Formed in January 1969, Humble Pie soon became one of the best-loved, hardest-rocking live acts of the 1970s. In Steve Marriott, the one-time Small Faces frontman, ‘The Pie’ had the best showman & biggest voice in the business. Peter Frampton, the ‘Face of ‘68’ with The Herd had a new role – guitar hero extraordinaire. And with hard-hitting powerhouse drummer Jerry Shirley & ex-Spooky Tooth bassist supreme Greg Ridley, Humble Pie quickly developed into a sophisticated studio unit where tough riffs, rustic rock & bursts of blissed-out psychedelia earned the band instant chart success & critical acclaim.
"As Safe As Yesterday Is" was Humble Pie’s debut album for Immediate Records, originally released on 1 August 1969 and reaching No.32 in the UK charts. Recorded at Olympic & Morgan Studios with top engineer Andy Johns, the album featured a blend of heavy blues, hard rock, pastoral folk & acoustic songs, all superbly produced.
Unknown at the time was the controversy surrounding the disappearance of the master tape enroute from Olympic Studios in London to the mastering studio in New York. Panicked phone calls for a replacement only yielded a much-played listening copy, not intended for production & certainly not to the quality needed to cut an LP. The band were horrified when they heard the finished LP with its flat, muffled sound. Despite Immediate label boss Andrew Loog Oldham’s wholehearted support of Humble Pie above the other artists on his label, Immediate Records were in financial difficulties and could not afford to withdraw the LP. By March 1970, Immediate Records were in liquidation, with its master tapes either lost or stolen. Immediate LPs soon disappeared from record store racks, including ‘As Safe As Yesterday Is’ – its master tape never found. Later CD & LP reissues were all copied from old vinyl, with labels seemingly not realising (or not caring) that the sound quality was poor. Until now that is…
For many years, Nice Records owner Kenney Jones along with Immediate Records reissue producer Rob Caiger had searched archives around the world for missing Immediate tapes for the Small Faces. As part of that global search, tapes for a number of Kenney’s fellow Immediate artists have been found, including a safety master for Humble Pie.

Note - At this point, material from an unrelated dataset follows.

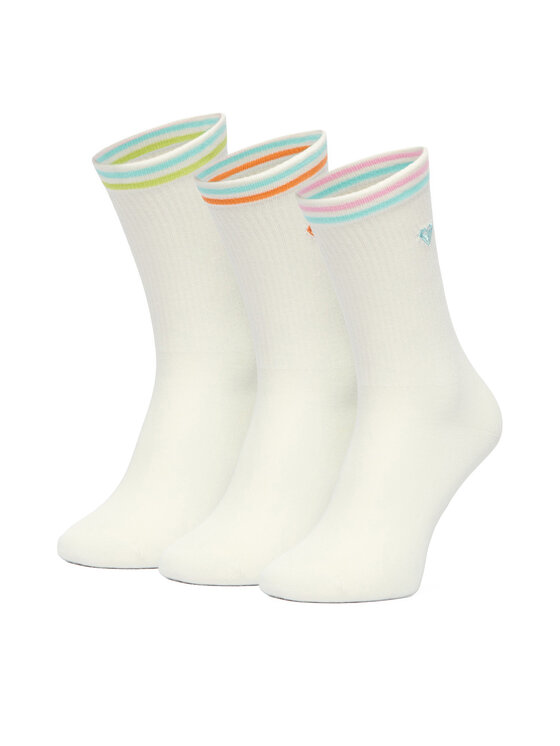 Roxy Roxy Дълги чорапи CEO_BR_ROXY_2032_W_AW26 (3 PACK) Бял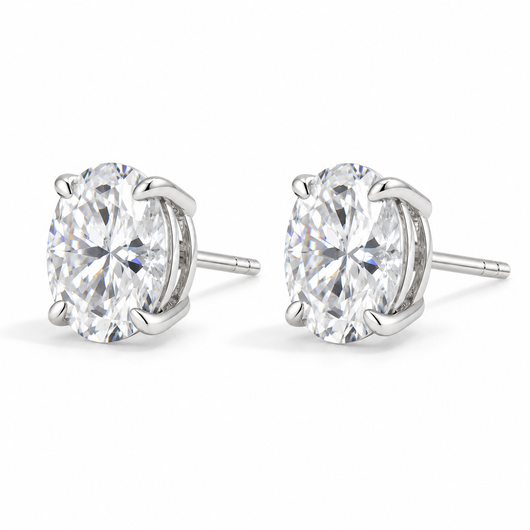 Moissanite Stud Earrings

Now, almost sixty years later, ‘As Safe As Yesterday Is’ can finally be heard as it should have been experienced in 1969 – and now with even more power & clarity!

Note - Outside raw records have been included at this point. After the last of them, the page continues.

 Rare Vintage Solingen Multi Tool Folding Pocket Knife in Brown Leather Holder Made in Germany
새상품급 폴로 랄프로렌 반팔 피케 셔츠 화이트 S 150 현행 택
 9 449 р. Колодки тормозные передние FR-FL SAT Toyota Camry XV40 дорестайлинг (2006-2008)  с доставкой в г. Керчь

Peter Frampton and Jerry Shirley have also restored Humble Pie’s debut hit single ‘Natural Born Bugie’ to where it should have been on the original UK LP. The newly remastered album adds UK LP track ‘Growing Closer,’ four outtakes from Olympic & Morgan Studios recorded during June & July 1969 and B-side ‘Wrist Job’, one of the last tracks to be recorded alongside ‘Natural Born Bugie’ in sessions for the first album during spring 1969.
“Thanks for the care you are giving these old chestnuts.” (Peter Frampton, July 2025)

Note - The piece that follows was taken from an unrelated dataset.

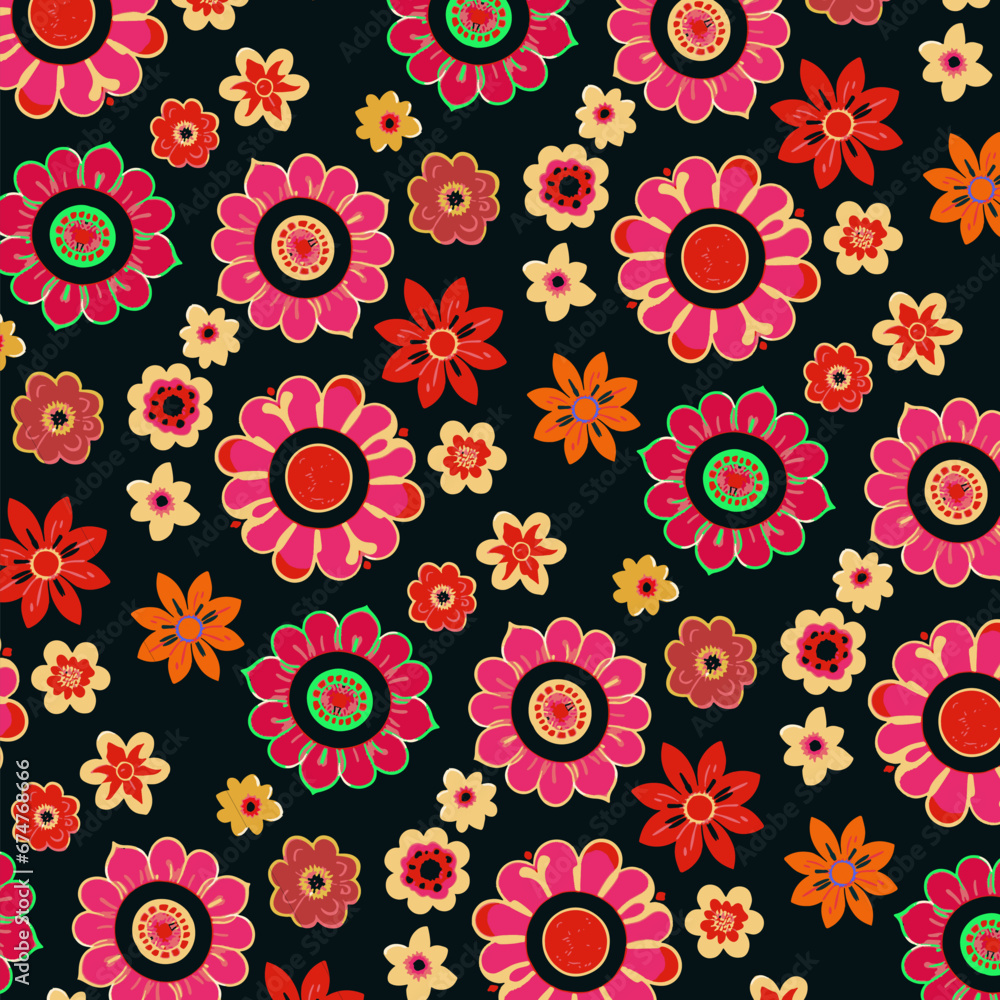 seamless floral pattern | seamless pattern with flowers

“It sounds like it should sound. It sounds a lot cleaner. Everything is in its place and where it should be. It sounds fabulous! You should be very proud of yourselves. I know I couldn’t be happier with it all.” (Jerry Shirley, July 2025)
Steve Marriott, vocals, guitar (1, 3, 5, 6, 9, 10), slide guitar (2), acoustic guitar (7), harmonica (4, 7), organ (2, 3, 4, 5, 8, 9, 10), goofs (9), tablas (4), piano (6)
Peter Frampton, vocals, guitar, slide guitar (7), organ (1), tabla (5), bass tablas (7), piano (3, 8, 10)
Greg Ridley, bass, vocals (1, 3, 4, 5, 6, 10), happy noise (7), percussion (5), skins (4)
Jerry Shirley, drums, grins and explosions (1), percussion (4, 5, 7), tablas (7), harpsichord (8), big ones (2), piano (5), lead thumbs (3)
Additional musicians:
Lyn Dobson, flute (4, 7), sitar (7)
Digitally remastered
Humble Pie
A showcase for former Small Faces' frontman Steve Marriott and one-time Herd guitar virtuoso Peter Frampton, the hard rock outfit Humble Pie formed in Essex, England in 1969. Also featuring ex-Spooky Tooth bassist Greg Ridley along with drummer Jerry Shirley, the fledgling group spent the first several months of its existence locked away in Marriott's Essex cottage, maintaining a relentless practice schedule. Signed to the Immediate label, Humble Pie soon issued their debut single "Natural Born Boogie," which hit the British Top Ten and paved the way for the group's premiere LP, As Safe as Yesterday Is.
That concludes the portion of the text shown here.